Regentado por el francés Eugène Courret desde 1863, el estudio bautizado como Fotografía Central no fue solo recurso obligado de novias y comerciantes, sino también de futuros héroes de guerra (están ahí, por ejemplo, Grau y Bolognesi). Hoy, buena parte de su legado se encuentra en las bóvedas de la Biblioteca Nacional del Perú, donde cumple 30 años de resguardo. Jason Mori, encargado del Archivo Courret en la BNP, ha elegido algunos de sus tesoros para ser fotografiados.

Preservados en sobres libres de ácido, de sus archivos aparecen, entre otros documentos, diversos recibos de pago del estudio. “La casa se encarga de todo tipo de trabajo concerniente a la fotografía”, rezaban en la primera década del siglo XIX. Y era cierto. Los fotógrafos de Courret no le rehuían ni a la muerte. No solo capturaban la gracia de novias, bebes saludables y hasta mascotas, también fueron expertos en legar (para horror actual) aquellas instantáneas comunes de entonces: el retrato post mórtem.
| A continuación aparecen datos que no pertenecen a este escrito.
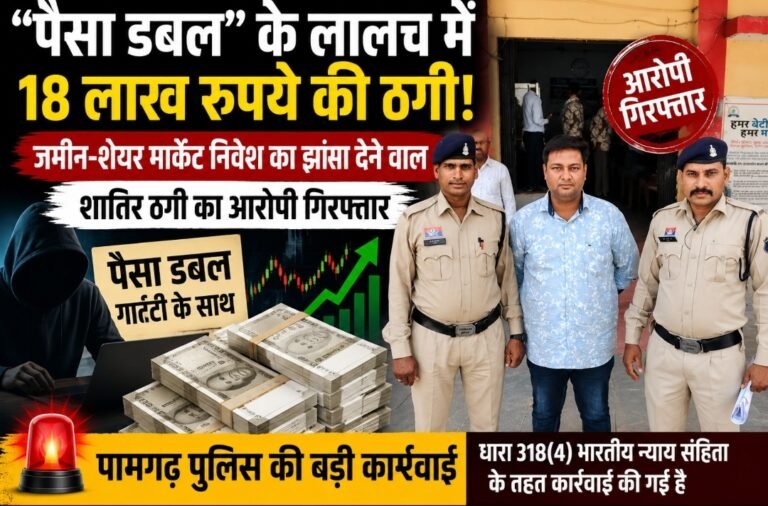 पैसा डबल करने के नाम पर 18 लाख की ठगी, आरोपी गिरफ्तार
Maquillaje para sonrojar mejillas, alambre para sonrisas escabrosas y un pertinente “servicio a domicilio” formaban parte del paquete macabro de la época que lograba retratos a veces tan vitales como para confundir a la muerte misma.

TESTIMONIO DE ÉPOCA

Fechada el 16 de febrero de 1987, y dirigida a Juan Mejía Baca, director de la Biblioteca Nacional, la carta de entrega del archivo perteneciente a los descendientes de un antiguo empleado de la Casa Courret de apellido Rengifo da cuenta del total de 4.662 “paquetes”, así como de un generoso detalle: la entrega, “en calidad de yapa”, de mil negativos del Archivo Castillo. El contenido detallado del “sector importante” del archivo Courret señala no menos de 3 mil negativos: doce paquetes de “personajes importantes”, 22 cajas de negativos de vidrio y celuloide de Lima antigua, 1 paquete de colección de presidentes del Perú, dos cajas con fotos de escritores y artistas, una de teatro y actores, y una de actos militares, entre otros.
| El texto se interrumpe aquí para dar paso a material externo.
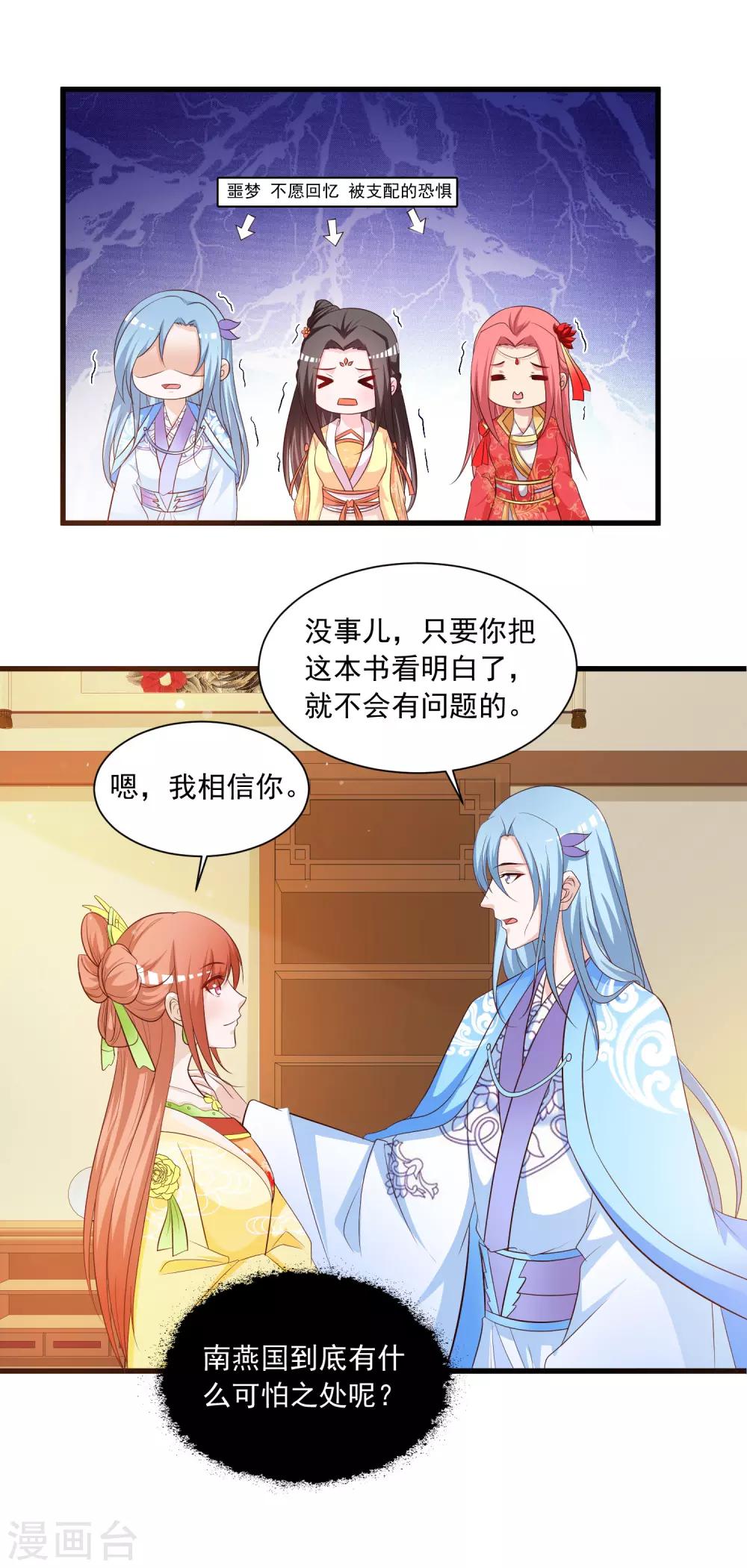 第110话 公主的命好苦？-第129话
“Courret hizo también fotografía en provincias, que incluso salieron en publicaciones como 'El Correo del Perú' en 1872”, aclara Jason Mori y muestra uno de los once cuadernos de registro que vinieron con la compra del archivo. Muestra, también, las imágenes en papel albuminado de un grupo de universitarios de 1890 en la Casona de San Marcos; de la antigua dársena del Callao en 1880; de las vías del Ferrocarril Central en 1874; vistas de Chorrillos de 1870; la antigua estación San Juan de Dios; el café de Estrasburgo; y la inauguración del monumento a Colón en la alameda de Acho. También, diversas tarjetas de visita, aquel formato fotográfico que se popularizó en la década de 1860 y desencadenó una feroz competencia de precios que casi lleva a la quiebra de los estudios en Lima.
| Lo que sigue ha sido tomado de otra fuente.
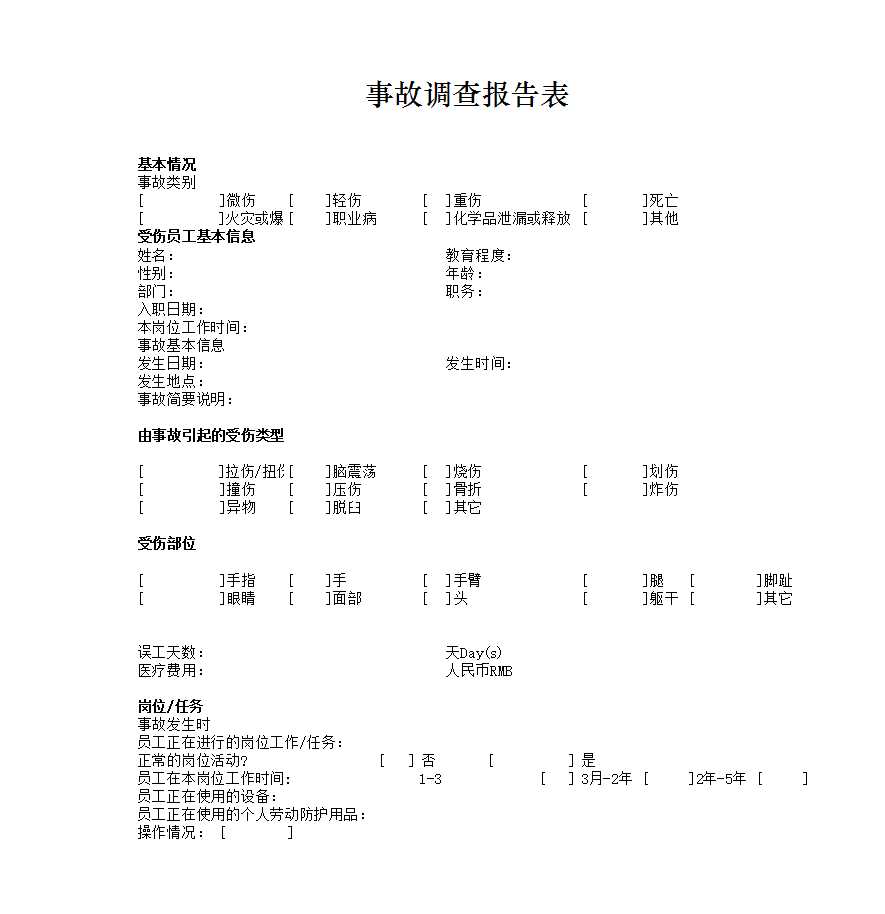 事故調查報告表Excel模板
Una de aquellas tarjetas de visita, precisamente, muestra una caricatura de Courret, quien en 1887, al retirarse a Europa, dejó el estudio a su colaborador Adolphe Dubreuil. En 1935, cuando el negocio no daba para más, el estudio quebró y sus miles de negativos fueron entregados como pago a los operarios. Parte de ese legado desperdigado es el que cumple treinta años atesorando la Biblioteca Nacional.
Hoy, el bello mascarón que decora el remate de la fachada de la Casa Courret y que algunos señalan como una alegoría del progreso, amanecerá una vez más luciendo sus bien delineadas facciones cubiertas de hollín mientras mira, impertérrito, el implacable paso de los siglos. Se alquila.

INMUEBLE EN ARRIENDO - SE OFERTA COMO LOCAL COMERCIAL

Con ingreso por el pasaje Olaya, los datos de alquiler registrados en la página web de la corredora señalan que se trata de un inmueble de 533 m2, dúplex, "ideal para restaurante u oficina importante", con frente a pasaje Olaya y Jirón de la Unión. Precio señalado: 7.995 dólares. Conversables.